Die "vier Stämme" beziehen sich übrigens auf die vier Kinder des Wagner-Sohns Siegfried und seiner Frau Winifred; relevante Unterlagen wurden zum Teil von ihren Nachkommen nicht freigegeben.
Im Jubiläumsfieber
Nicht nur von der Vergangenheit der Festspiele, auch von deren Zukunft war die Rede: Programme und zum Teil sogar schon Besetzungen liegen bis zum Jahr 2020 fest. Für Aufsehen sorgte die Ankündigung, dass der skandalumwitterte Performance-Künstler Jonathan Meese 2016 "Parsifal" inszenieren wird.
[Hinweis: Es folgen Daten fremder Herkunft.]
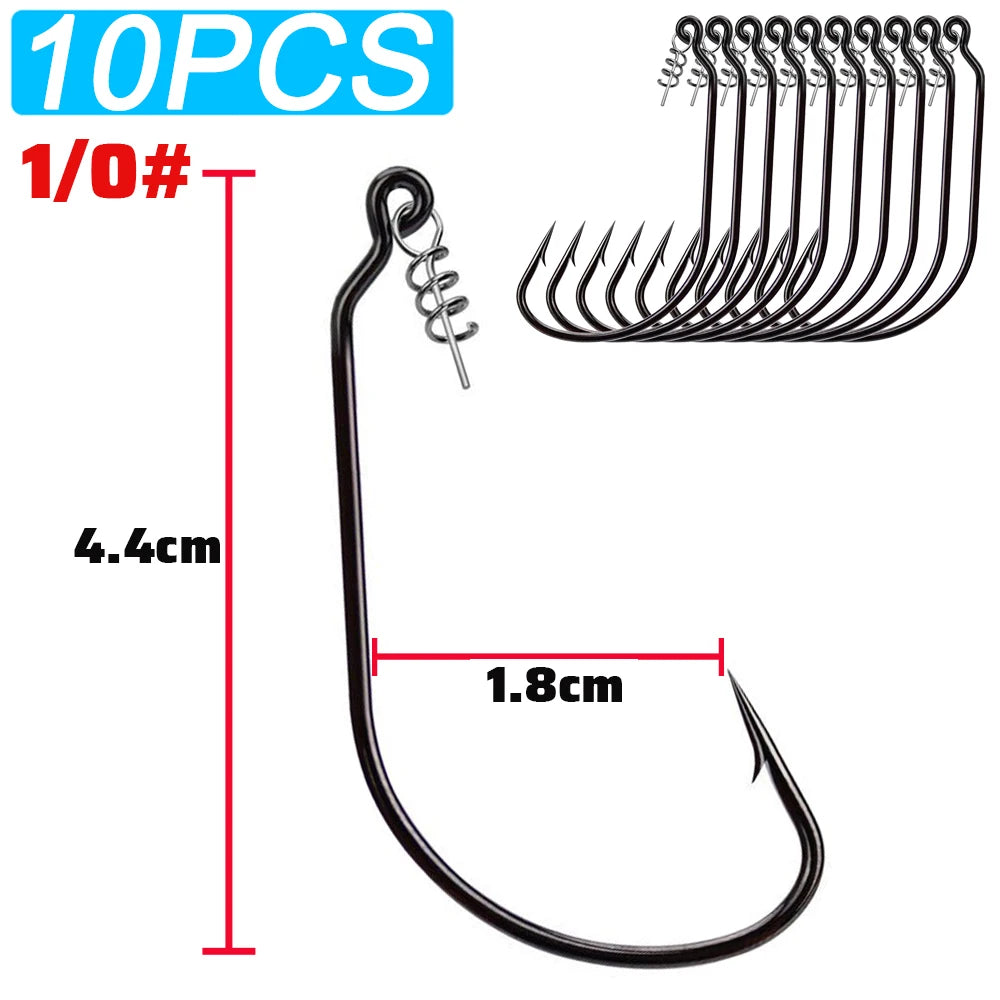 HookUpCo. 10-Pack Sharp Offset Worm Hooks - HookUpCo.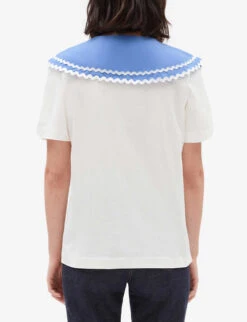 CLAUDIE PIERLOT Tino Peter Pan Collar Cotton-jersey T-shirt -Ted Baker Store R04104293 NATURELS ALT03
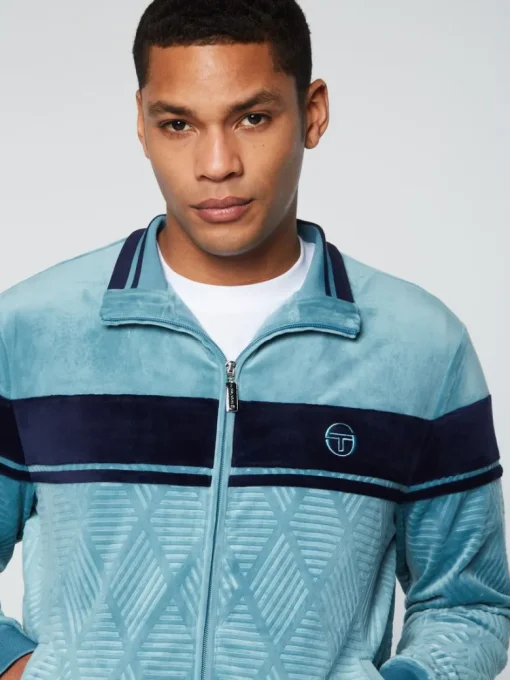 Online Debossed Damarindo Velour Track Jacket- Larkspur Tracksuits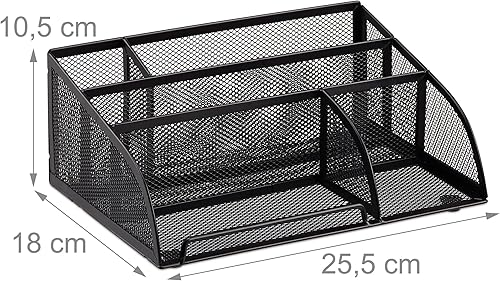 Miniatura 3 de Relaxdays Organizador de escritorio, metal negro, 7.1 x 10.0 x 4.1 in
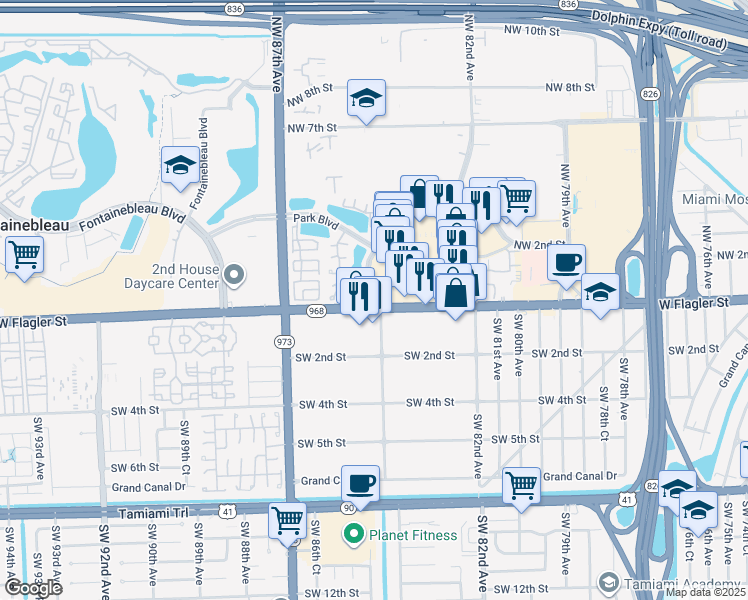 map of restaurants, bars, coffee shops, grocery stores, and more near 8406 NW 1st Terrace in Miami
Zum Rahmenprogramm im kommenden Jubiläumsjahr, in dem Richard Wagners 200. Geburtstag gefeiert wird, gehören Meisterkurse in Gesang, ein Filmwettbewerb und die Aktion "Wagner goes rap", in der Schüler Wagnertexte "verrappen". Eine Neuinszenierung des Vieropernzyklus "Der Ring des Nibelungen" im Festspielhaus, drei Jugendopern Wagners in der Stadthalle und ein Geburtstagskonzert sind die Hauptpfeiler des Jubiläumsangebots.
Ein weiterer Schritt multimedialer Öffnung wird 2013 vollzogen: Erstmals wird die Eröffnung der Bayreuther Festspiele im Fernsehen und Kino live übertragen. Gezeigt und gespielt wird die aktuelle Produktion des "fliegenden Holländers".